What you are asked to do —
Restate each line below word for word, skipping every picture.

The data —
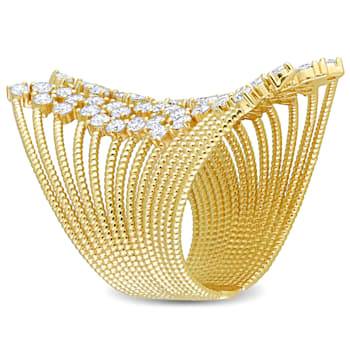 1 4/5 CT TW Diamond Multi-Row Open Cocktail Ring in 14K Yellow Gold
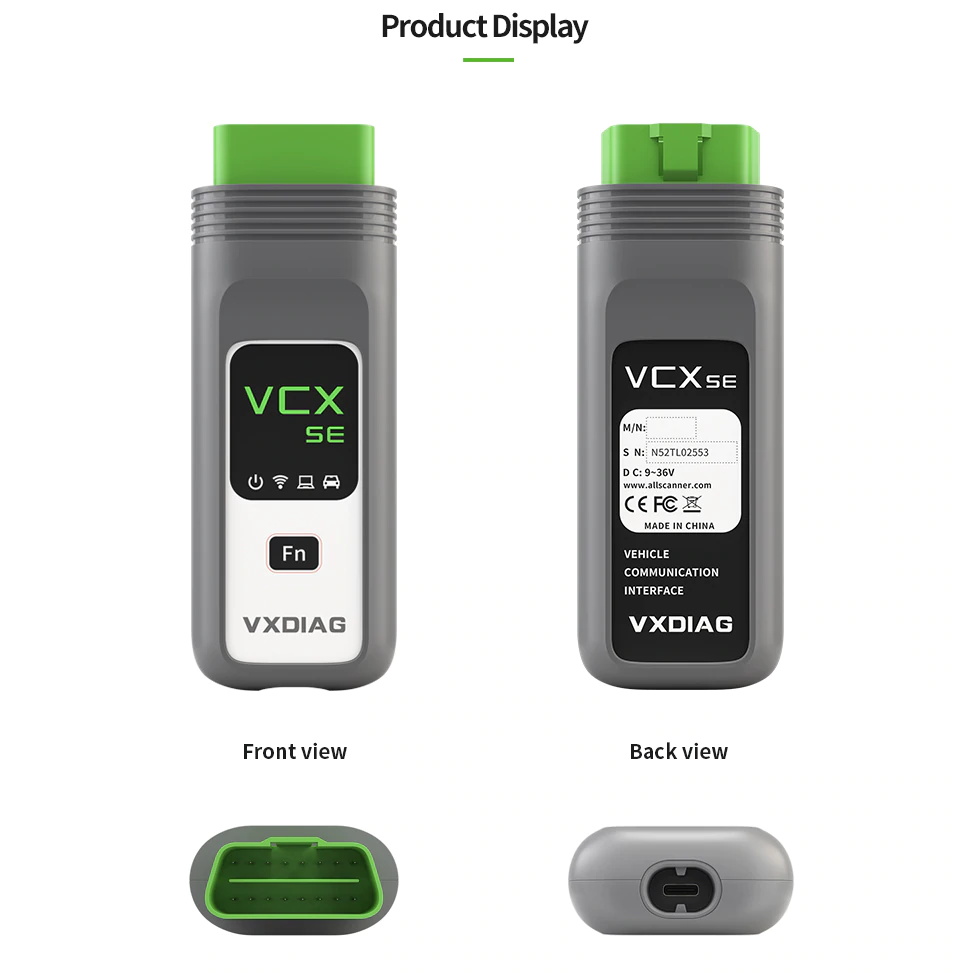 VXDIAG VCX SE for Benz with 2TB Full Brands Software HDD 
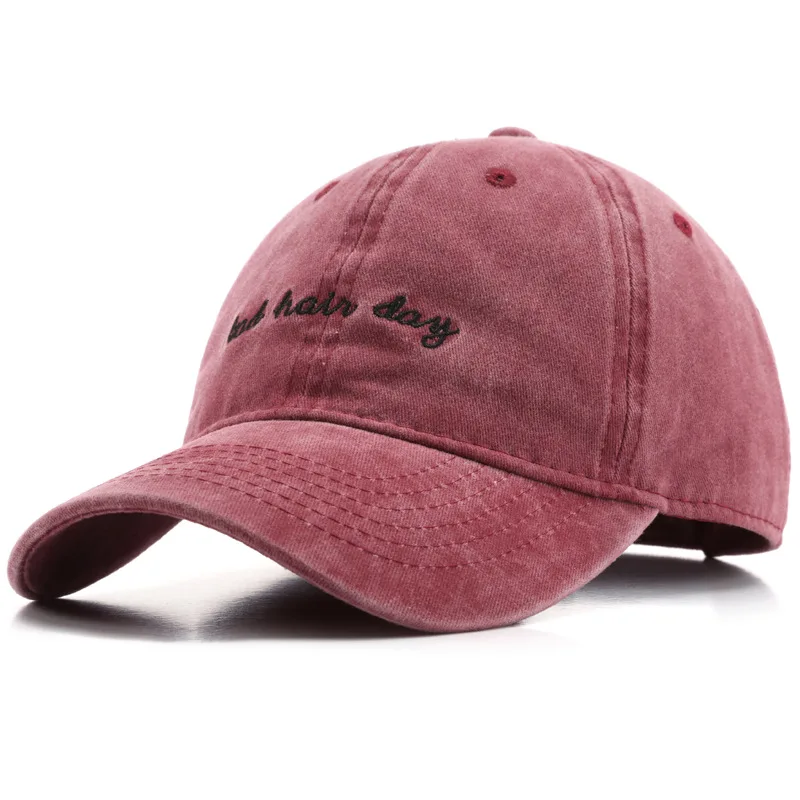 SLECKONT Moda beyzbol şapkası Erkekler ve Kadınlar için Retro Yıkanmış Pamuk Şapka Rahat Snapback Şapka Unisex Yaz güneşlikli kep Ayarlanabilir Görüntü 4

Exercise response —
 1 4/5 CT TW Diamond Multi-Row Open Cocktail Ring in 14K Yellow Gold
 VXDIAG VCX SE for Benz with 2TB Full Brands Software HDD 
 SLECKONT Moda beyzbol şapkası Erkekler ve Kadınlar için Retro Yıkanmış Pamuk Şapka Rahat Snapback Şapka Unisex Yaz güneşlikli kep Ayarlanabilir Görüntü 4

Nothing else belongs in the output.